Posted by Ruken Sahin on June 19, 2017

This was a family law appeal case heard on 16/12/16 before Mr. Justice Baker in the High Court of Justice (Family Division) on appeal from the Reading Family Court.

Facts and chronology:

The proceedings concerned the Appellant father and the Respondent mother’s 14 ½ year old daughter A, who resided with the Respondent. The parties had conducted extensive proceedings, over several years, involving allegations and cross allegations and there had been a number of judgements. Recent proceedings were on the basis of whether or in what manner the Appellant should have contact with A.

The matter went before Judge Owens at the Reading Family Court who ordered indirect contact between the Appellant and A, instead of the direct contact that the Appellant had sought.

Judge Owens also directed that neither party be able to make any further applications for an order under s.8 of the Children Act 1989 in respect of A “without the court’s permission for a period of two years”.

The Appellant took issue with a sentence in to the draft judgement which Judge Owens had not been prepared to amend and the Appellant was specifically advised to appeal if he wished to take the matter further to remedy the error of fact in the case.

Appeal to the High Court

The Appellant therefore appealed to the High Court on the basis of an objection to the one sentence in Judge Owens’ judgement which stated:

 “…Checks in relation to the father revealed that he had convictions for offences of serious violence towards his partner….”

Although the Appellant had convictions for theft and assault occasioning actual bodily harm in 1988 this assault did not concern a partner and no cautions were recorded. Police information also disclosed that the Appellant had been subject to a number of criminal investigations involving the Respondent had had been found not guilty on each occasion.

The Appellant sought to have the sentence struck out of the judgement on the grounds that he did not have any convictions for offences of serious violence towards his partner and wanted the record to accurately reflect this. He also wanted to ensure that if A read the judgement in due course, she would not get an “untrue picture of his background”.

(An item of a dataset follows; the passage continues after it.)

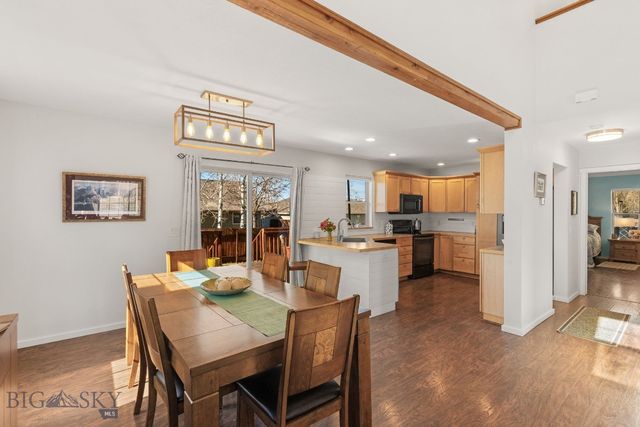 211 N Sanders Avenue, Bozeman, MT 59718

Taking the above into consideration, Mr. Justice Baker allowed the Appellant’s appeal only to the extent that sentence in the judgement of Judge Owens was amended as follows:

“Checks in relation to the father reveal that he had a conviction for an offence of assault occasioning actual bodily harm in 1988.  Although he has been the subject of allegations on a number of occasions since then, he has not been convicted of any offence of violence.”